What you have to do:
Only one span of the listing below should come back. It runs from the line with "Asian businesswoman planning" through the line with "Foto gratuito primer", and each of its lines must be reproduced exactly.

START Task data

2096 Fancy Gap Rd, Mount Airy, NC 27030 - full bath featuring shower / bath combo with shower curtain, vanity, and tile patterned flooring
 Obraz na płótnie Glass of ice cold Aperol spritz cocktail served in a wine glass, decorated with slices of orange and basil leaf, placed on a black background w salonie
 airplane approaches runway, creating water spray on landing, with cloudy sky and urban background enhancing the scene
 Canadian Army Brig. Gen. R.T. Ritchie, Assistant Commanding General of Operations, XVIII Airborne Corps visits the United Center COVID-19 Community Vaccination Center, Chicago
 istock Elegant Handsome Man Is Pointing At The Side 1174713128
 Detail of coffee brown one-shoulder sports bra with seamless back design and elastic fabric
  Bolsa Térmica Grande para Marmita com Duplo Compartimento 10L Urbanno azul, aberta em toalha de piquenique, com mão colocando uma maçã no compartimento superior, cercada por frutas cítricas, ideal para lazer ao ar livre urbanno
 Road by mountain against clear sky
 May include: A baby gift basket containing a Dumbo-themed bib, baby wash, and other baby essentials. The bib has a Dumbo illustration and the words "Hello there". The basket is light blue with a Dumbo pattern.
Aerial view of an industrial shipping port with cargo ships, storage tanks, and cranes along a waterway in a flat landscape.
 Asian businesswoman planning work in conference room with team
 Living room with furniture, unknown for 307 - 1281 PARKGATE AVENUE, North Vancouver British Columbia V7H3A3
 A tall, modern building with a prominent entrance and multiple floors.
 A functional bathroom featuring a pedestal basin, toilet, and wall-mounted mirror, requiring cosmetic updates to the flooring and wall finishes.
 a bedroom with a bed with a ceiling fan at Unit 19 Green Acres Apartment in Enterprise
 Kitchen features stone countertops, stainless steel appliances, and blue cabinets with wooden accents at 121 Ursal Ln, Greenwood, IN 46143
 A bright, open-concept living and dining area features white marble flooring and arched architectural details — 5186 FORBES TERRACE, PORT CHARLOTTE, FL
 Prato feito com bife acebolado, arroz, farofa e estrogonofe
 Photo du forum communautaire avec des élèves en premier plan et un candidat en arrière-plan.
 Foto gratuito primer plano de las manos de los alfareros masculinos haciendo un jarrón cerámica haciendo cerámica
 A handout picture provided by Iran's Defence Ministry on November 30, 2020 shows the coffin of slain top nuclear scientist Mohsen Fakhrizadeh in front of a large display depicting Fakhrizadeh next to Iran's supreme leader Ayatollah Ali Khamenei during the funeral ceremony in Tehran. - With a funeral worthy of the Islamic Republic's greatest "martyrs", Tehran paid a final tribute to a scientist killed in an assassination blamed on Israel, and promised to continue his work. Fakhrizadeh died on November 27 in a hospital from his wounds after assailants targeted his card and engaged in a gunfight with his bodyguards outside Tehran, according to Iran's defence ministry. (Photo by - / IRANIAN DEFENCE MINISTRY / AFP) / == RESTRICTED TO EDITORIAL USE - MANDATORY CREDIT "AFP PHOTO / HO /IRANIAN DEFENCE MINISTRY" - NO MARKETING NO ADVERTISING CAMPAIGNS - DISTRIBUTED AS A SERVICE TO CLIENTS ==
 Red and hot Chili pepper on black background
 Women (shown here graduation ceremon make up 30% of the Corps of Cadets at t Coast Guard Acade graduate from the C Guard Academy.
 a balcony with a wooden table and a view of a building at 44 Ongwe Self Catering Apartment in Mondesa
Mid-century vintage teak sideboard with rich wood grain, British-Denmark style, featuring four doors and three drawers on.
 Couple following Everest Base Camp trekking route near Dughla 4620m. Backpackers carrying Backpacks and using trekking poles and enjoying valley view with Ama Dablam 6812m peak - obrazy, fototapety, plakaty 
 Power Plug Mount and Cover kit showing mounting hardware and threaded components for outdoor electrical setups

END Task data

Response box:
 Asian businesswoman planning work in conference room with team
 Living room with furniture, unknown for 307 - 1281 PARKGATE AVENUE, North Vancouver British Columbia V7H3A3
 A tall, modern building with a prominent entrance and multiple floors.
 A functional bathroom featuring a pedestal basin, toilet, and wall-mounted mirror, requiring cosmetic updates to the flooring and wall finishes.
 a bedroom with a bed with a ceiling fan at Unit 19 Green Acres Apartment in Enterprise
 Kitchen features stone countertops, stainless steel appliances, and blue cabinets with wooden accents at 121 Ursal Ln, Greenwood, IN 46143
 A bright, open-concept living and dining area features white marble flooring and arched architectural details — 5186 FORBES TERRACE, PORT CHARLOTTE, FL
 Prato feito com bife acebolado, arroz, farofa e estrogonofe
 Photo du forum communautaire avec des élèves en premier plan et un candidat en arrière-plan.
 Foto gratuito primer plano de las manos de los alfareros masculinos haciendo un jarrón cerámica haciendo cerámica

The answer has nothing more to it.